▸ What is needed: Print out all of the data below, keeping it identical to the original.

▸ Data supplied:
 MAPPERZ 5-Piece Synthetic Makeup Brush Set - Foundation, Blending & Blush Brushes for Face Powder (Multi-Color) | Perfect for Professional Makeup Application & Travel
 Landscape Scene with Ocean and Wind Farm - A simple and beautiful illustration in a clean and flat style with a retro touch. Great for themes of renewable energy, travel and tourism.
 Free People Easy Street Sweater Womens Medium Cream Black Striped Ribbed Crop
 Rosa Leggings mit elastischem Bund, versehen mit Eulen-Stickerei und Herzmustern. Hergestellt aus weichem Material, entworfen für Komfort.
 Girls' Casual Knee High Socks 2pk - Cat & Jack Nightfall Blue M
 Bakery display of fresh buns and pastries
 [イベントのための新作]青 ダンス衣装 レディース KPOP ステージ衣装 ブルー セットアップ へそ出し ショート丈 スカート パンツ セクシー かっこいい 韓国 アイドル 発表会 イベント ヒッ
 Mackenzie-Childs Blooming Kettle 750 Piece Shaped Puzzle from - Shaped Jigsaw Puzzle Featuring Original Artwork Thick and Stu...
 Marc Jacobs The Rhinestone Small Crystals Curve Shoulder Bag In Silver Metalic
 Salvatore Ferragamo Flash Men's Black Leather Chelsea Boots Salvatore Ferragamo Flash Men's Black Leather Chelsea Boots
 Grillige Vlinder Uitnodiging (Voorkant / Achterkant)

▸ Response area:
 MAPPERZ 5-Piece Synthetic Makeup Brush Set - Foundation, Blending & Blush Brushes for Face Powder (Multi-Color) | Perfect for Professional Makeup Application & Travel
 Landscape Scene with Ocean and Wind Farm - A simple and beautiful illustration in a clean and flat style with a retro touch. Great for themes of renewable energy, travel and tourism.
 Free People Easy Street Sweater Womens Medium Cream Black Striped Ribbed Crop
 Rosa Leggings mit elastischem Bund, versehen mit Eulen-Stickerei und Herzmustern. Hergestellt aus weichem Material, entworfen für Komfort.
 Girls' Casual Knee High Socks 2pk - Cat & Jack Nightfall Blue M
 Bakery display of fresh buns and pastries
 [イベントのための新作]青 ダンス衣装 レディース KPOP ステージ衣装 ブルー セットアップ へそ出し ショート丈 スカート パンツ セクシー かっこいい 韓国 アイドル 発表会 イベント ヒッ
 Mackenzie-Childs Blooming Kettle 750 Piece Shaped Puzzle from - Shaped Jigsaw Puzzle Featuring Original Artwork Thick and Stu...
 Marc Jacobs The Rhinestone Small Crystals Curve Shoulder Bag In Silver Metalic
 Salvatore Ferragamo Flash Men's Black Leather Chelsea Boots Salvatore Ferragamo Flash Men's Black Leather Chelsea Boots
 Grillige Vlinder Uitnodiging (Voorkant / Achterkant)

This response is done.